| Smaller screened smartphones aren't a new market that needs to be defined though. Most people know what they are by virtue of having lived through the era that they were the only choice. And as OP pointed out, Apple makes a smaller screened smartphone, so they exist. In some comment on this post someone said that it accounts for 3% of Apple's phone sales. How big is the group of people that want a smaller smart phone but aren't willing or able to switch to Apple? Who knows. My intuition says not many, but maybe we'll find out through OP's efforts.
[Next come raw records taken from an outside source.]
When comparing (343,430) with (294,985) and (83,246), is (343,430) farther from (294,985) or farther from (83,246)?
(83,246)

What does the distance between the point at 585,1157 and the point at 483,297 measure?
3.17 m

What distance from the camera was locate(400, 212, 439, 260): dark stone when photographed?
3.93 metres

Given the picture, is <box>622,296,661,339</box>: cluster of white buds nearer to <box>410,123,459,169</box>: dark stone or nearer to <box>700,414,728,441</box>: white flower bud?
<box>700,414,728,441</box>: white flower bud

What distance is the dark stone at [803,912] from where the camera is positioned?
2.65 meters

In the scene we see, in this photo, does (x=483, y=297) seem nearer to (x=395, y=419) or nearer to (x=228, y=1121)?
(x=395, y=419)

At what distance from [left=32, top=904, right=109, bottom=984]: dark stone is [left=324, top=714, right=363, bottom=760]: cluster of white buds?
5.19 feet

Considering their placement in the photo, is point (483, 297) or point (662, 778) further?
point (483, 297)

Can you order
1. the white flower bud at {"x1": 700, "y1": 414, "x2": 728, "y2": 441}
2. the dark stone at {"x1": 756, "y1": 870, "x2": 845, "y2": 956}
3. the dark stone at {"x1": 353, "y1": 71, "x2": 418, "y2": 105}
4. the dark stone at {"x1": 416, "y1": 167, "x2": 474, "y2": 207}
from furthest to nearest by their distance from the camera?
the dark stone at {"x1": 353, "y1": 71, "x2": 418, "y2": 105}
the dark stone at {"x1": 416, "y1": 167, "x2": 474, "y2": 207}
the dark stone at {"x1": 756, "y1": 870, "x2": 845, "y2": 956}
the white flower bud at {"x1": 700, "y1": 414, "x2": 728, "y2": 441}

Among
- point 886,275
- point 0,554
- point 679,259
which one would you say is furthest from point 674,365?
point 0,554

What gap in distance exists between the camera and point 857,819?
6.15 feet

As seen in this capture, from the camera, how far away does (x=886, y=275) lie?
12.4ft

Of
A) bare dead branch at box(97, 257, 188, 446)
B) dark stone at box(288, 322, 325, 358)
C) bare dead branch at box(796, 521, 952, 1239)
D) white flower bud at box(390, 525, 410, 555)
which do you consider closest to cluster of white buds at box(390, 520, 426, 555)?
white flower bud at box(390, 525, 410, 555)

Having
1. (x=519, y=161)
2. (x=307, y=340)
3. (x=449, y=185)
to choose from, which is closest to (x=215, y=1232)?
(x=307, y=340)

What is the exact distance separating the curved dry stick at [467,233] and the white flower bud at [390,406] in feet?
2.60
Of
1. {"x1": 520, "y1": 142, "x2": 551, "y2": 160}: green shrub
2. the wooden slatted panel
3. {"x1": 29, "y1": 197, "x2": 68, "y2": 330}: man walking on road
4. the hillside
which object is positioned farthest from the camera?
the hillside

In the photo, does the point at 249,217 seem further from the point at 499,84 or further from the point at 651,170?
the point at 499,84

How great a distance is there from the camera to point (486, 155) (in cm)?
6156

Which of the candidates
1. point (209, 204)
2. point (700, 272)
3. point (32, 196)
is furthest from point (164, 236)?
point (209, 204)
I'm an iPhone user and the only reason I haven't switched to something like the iPhone Mini is because I want the better camera on the pro's. |
1. The industry push for thin due to the consumer dislike of thick.
2. The invisible consumer expectation that smaller mobiles should be cheaper.
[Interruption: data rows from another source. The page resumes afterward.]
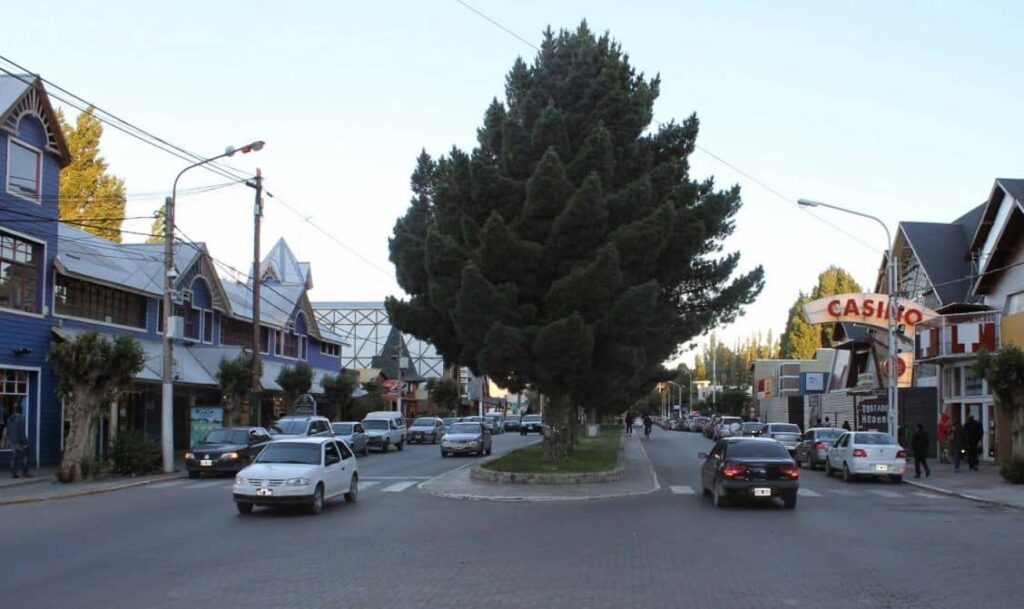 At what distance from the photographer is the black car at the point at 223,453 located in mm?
28266

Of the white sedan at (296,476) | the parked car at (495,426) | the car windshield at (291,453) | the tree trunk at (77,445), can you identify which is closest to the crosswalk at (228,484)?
the tree trunk at (77,445)

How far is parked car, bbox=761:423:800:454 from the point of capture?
39.3 m

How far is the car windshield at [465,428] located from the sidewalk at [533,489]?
12599mm

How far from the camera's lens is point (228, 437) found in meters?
29.4

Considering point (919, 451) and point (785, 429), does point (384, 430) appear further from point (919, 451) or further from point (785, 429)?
point (919, 451)

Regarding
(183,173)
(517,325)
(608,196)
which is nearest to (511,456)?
(517,325)

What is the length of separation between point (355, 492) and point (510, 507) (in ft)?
11.6

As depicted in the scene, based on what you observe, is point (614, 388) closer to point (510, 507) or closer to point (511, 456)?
point (511, 456)

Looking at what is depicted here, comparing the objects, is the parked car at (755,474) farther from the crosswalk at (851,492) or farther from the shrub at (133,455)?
the shrub at (133,455)

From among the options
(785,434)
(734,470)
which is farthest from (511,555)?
(785,434)

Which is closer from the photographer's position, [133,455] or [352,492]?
[352,492]

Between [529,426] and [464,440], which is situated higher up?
[464,440]

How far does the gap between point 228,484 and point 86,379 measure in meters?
4.73

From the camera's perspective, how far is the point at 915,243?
43312 millimetres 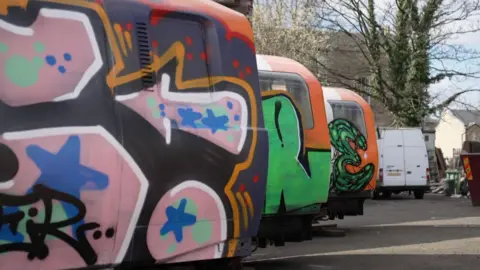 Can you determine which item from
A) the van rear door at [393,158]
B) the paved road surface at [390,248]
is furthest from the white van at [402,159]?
the paved road surface at [390,248]

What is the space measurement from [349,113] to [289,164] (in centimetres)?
430

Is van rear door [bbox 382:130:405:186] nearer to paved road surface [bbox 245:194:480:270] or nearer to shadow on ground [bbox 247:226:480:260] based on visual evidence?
paved road surface [bbox 245:194:480:270]

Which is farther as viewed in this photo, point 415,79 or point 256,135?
point 415,79

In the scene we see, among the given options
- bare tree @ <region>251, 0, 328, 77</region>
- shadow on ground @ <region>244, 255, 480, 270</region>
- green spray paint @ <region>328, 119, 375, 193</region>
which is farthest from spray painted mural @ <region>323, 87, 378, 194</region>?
bare tree @ <region>251, 0, 328, 77</region>

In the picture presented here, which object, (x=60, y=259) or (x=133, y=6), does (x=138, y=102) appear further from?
(x=60, y=259)

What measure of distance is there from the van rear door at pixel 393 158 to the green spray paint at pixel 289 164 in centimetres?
1458

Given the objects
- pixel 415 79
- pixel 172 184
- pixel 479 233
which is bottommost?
pixel 479 233

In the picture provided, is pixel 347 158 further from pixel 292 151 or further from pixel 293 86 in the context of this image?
pixel 292 151

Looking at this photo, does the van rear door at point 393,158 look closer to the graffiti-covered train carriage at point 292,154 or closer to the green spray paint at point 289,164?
the graffiti-covered train carriage at point 292,154

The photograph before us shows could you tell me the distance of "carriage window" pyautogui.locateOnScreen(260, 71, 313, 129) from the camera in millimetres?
7969

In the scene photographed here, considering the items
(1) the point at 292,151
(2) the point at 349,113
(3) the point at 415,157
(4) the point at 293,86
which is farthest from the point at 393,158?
(1) the point at 292,151

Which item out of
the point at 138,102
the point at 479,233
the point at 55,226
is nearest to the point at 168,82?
the point at 138,102

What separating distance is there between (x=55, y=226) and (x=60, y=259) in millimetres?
217

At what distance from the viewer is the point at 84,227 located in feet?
13.1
A mini screen with a fat body (large battery, good camera) is what many functionally oriented people should want, but cost and form will limit consumer desire and make it an extremely niche product?!?
Edit: I am thinking more Canon IXUS cross bred with a 20000mAh powerbank and stock Android One. In fact Canon or another reliable camera brand would be the perfect manufacturer. Fat and robust could work: sell the functionally ugly to practical tradesmen type? Unfortunately writer desires thin and light, which I don’t care about. No need for front-facing camera, instead put a 1” (4:3?) screen on the side of the main camera to allow for pointing/framing when doing selfies.
Functionally oriented people often have other constraints. I have tight constraints for mobiles: I am price sensitive (I break or lose phones), I want vanilla Android (manufacturer skinned often has broken upgrades & broken privacy & broken features), and I generally won’t buy products from extremely niche brands (unpredictable reliability, & trust issues).